• Exercise data:
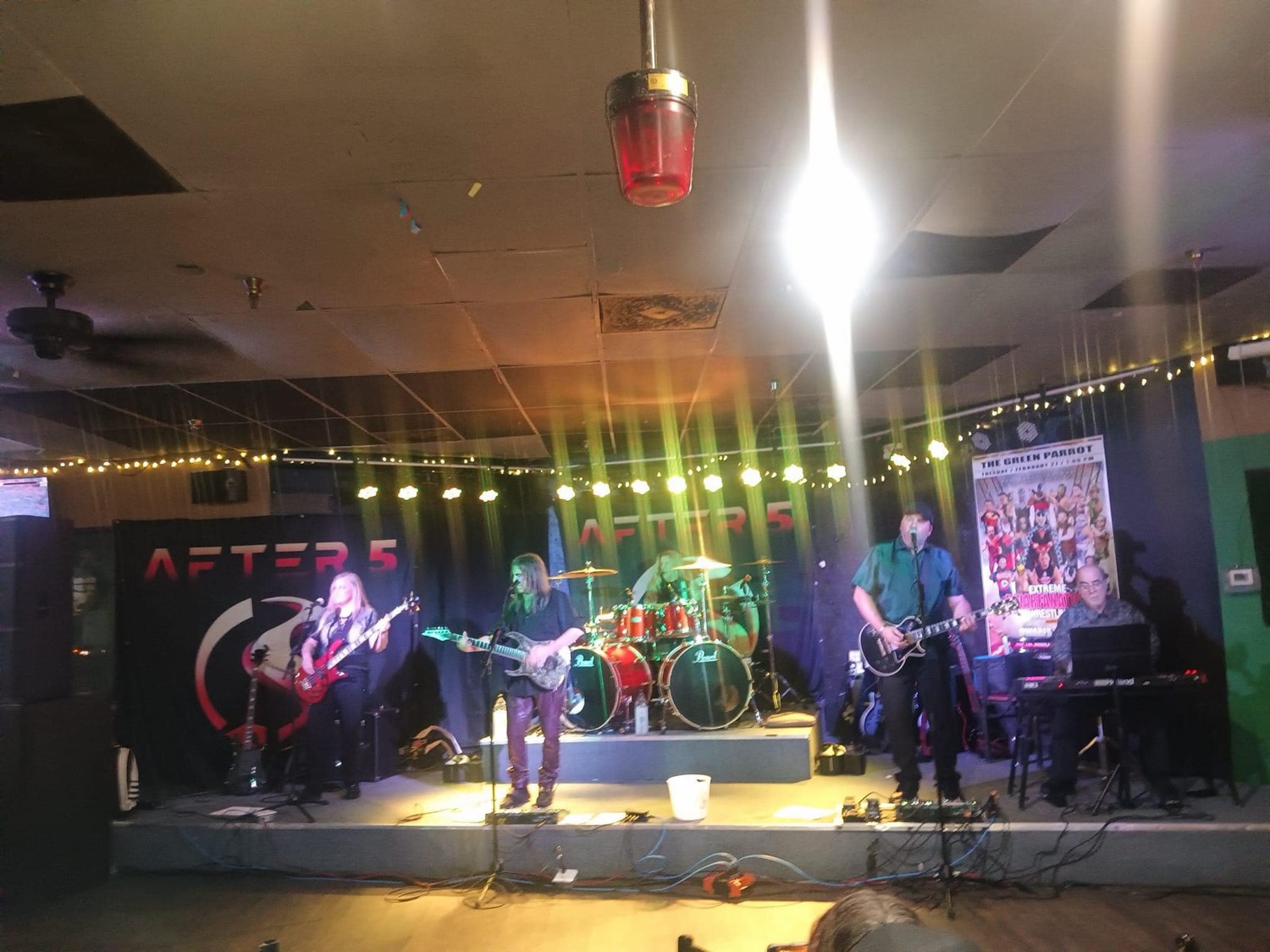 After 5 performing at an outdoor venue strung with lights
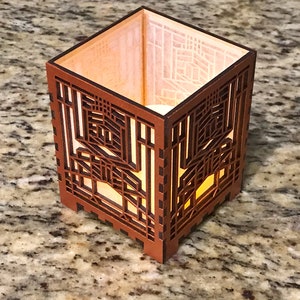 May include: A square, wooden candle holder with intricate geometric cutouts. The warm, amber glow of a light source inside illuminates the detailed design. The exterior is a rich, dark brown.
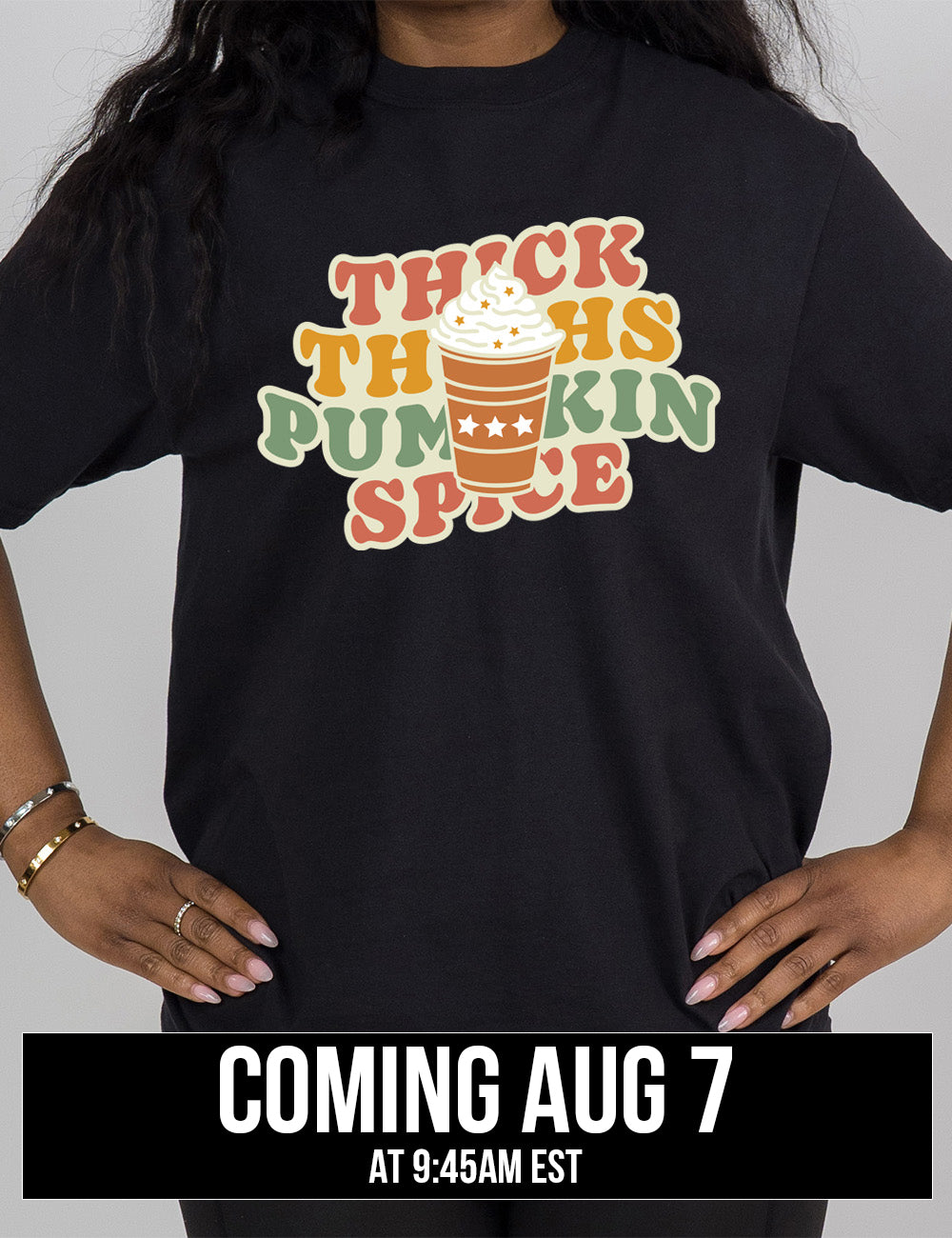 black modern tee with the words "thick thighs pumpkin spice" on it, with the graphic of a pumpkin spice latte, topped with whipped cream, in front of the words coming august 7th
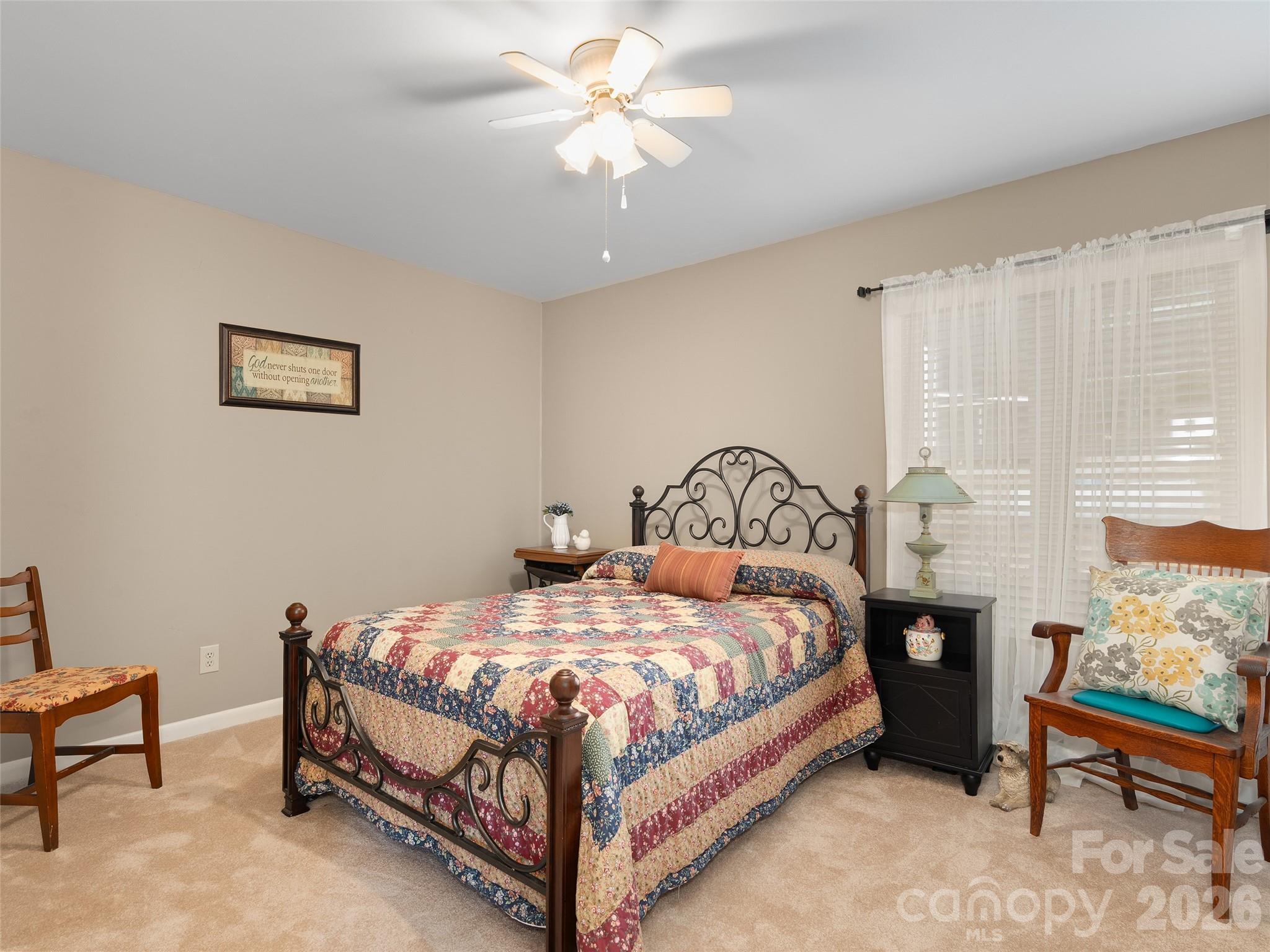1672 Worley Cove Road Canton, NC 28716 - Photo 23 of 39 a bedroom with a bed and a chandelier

• Exercise requirements: Would you return all the data exactly as given, minus the pictures?

• Your response:
 After 5 performing at an outdoor venue strung with lights
 May include: A square, wooden candle holder with intricate geometric cutouts. The warm, amber glow of a light source inside illuminates the detailed design. The exterior is a rich, dark brown.
 black modern tee with the words "thick thighs pumpkin spice" on it, with the graphic of a pumpkin spice latte, topped with whipped cream, in front of the words coming august 7th
1672 Worley Cove Road Canton, NC 28716 - Photo 23 of 39 a bedroom with a bed and a chandelier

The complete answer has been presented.